La victime qui a vécu sept ans avec son ex-conjoint a livré un poignant témoignage en revenant sur les évènements et sur les conséquences de ceux-ci. Yeux larmoyants pour plus d’un, Mme Martel est restée inattaquable en gardant ses yeux plongés dans ceux de l’accusé. 

« Jusqu’à la dernière minute, j’ai essayé de t’aider, mon Dieu que j’ai voulu t’aider », lui a-t-elle déclaré. « Cette fois-ci, j’ai choisi de me choisir […], je suis bouleversée », poursuit-elle. « Je suis fière de moi », lui rappelle-t-elle. 

Celle qui avait déjà subi de la violence conjugale par M. Boucher dit avoir appliqué ce qu’elle a appris par ses intervenantes psychosociales qui lui sont venues en aide.

« Jean-François, je ne suis plus ta victime, je ne le serai plus jamais et je ne serai plus jamais la victime de personne d’autre », lui avait-elle dit avant le sombre soir du 16 novembre 2023 dans sa résidence des Bergeronnes.
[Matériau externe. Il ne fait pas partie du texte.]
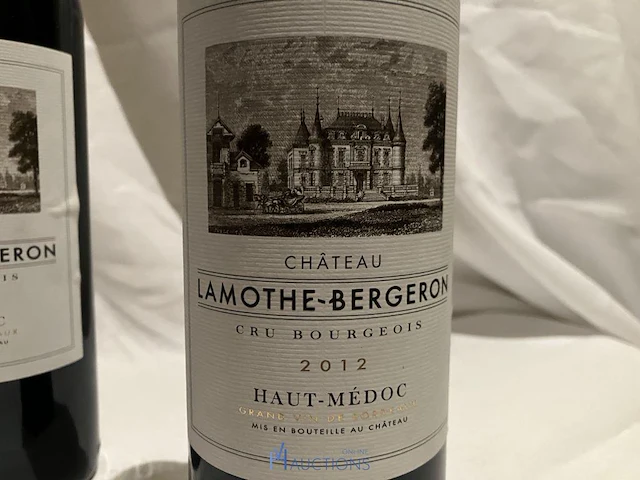 2 flessen wijn chateau lamothe-bergeron - afbeelding 2 van  4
Malgré son choc post-traumatique, elle lui a répété dans sa déclaration. 

« Je te regarde dans les yeux et je ne t’en veux pas, je me sens libéré de ton emprise et ça fait du bien », lui a-t-elle lancé avant de conclure « j’ai appris que moi aussi je le mérite », faisant référence à un sentiment de paix.  

Le juge François Boisjoli a salué le courage de Mme Martel après sa déclaration. « On a rarement l’occasion de bénéficier d’explications avec tant d’éloquence et de sentiments sur les conséquences de la violence conjugale », a-t-il souligné. « Je vous remercie du courage que vous avez eu », ajoute-t-il lui exprimant être agréablement surpris de la façon dont elle réussit à se relever de ce drame. 
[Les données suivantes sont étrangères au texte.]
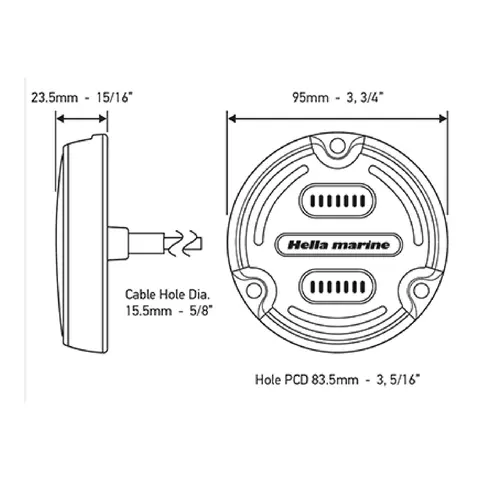 HELLA MARINE Apelo A1 - Undervannslys Sort -15W -  RGB - 1800LUM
Personne ne devrait avoir peur de mettre fin à une relation

-Juge François Boisjoli

La sentence 

« Avec les antécédents de monsieur, on peut clairement percevoir l’escalade dans la gravité de la violence […] », à plaider la Couronne avant l’annonce de la sentence. Il a rappelé au juge que Mme Martel avait une crainte « sans équivoque » qu’il y aurait pu avoir des morts si l’intervention rapide d’un policier n’avait pas eu lieu.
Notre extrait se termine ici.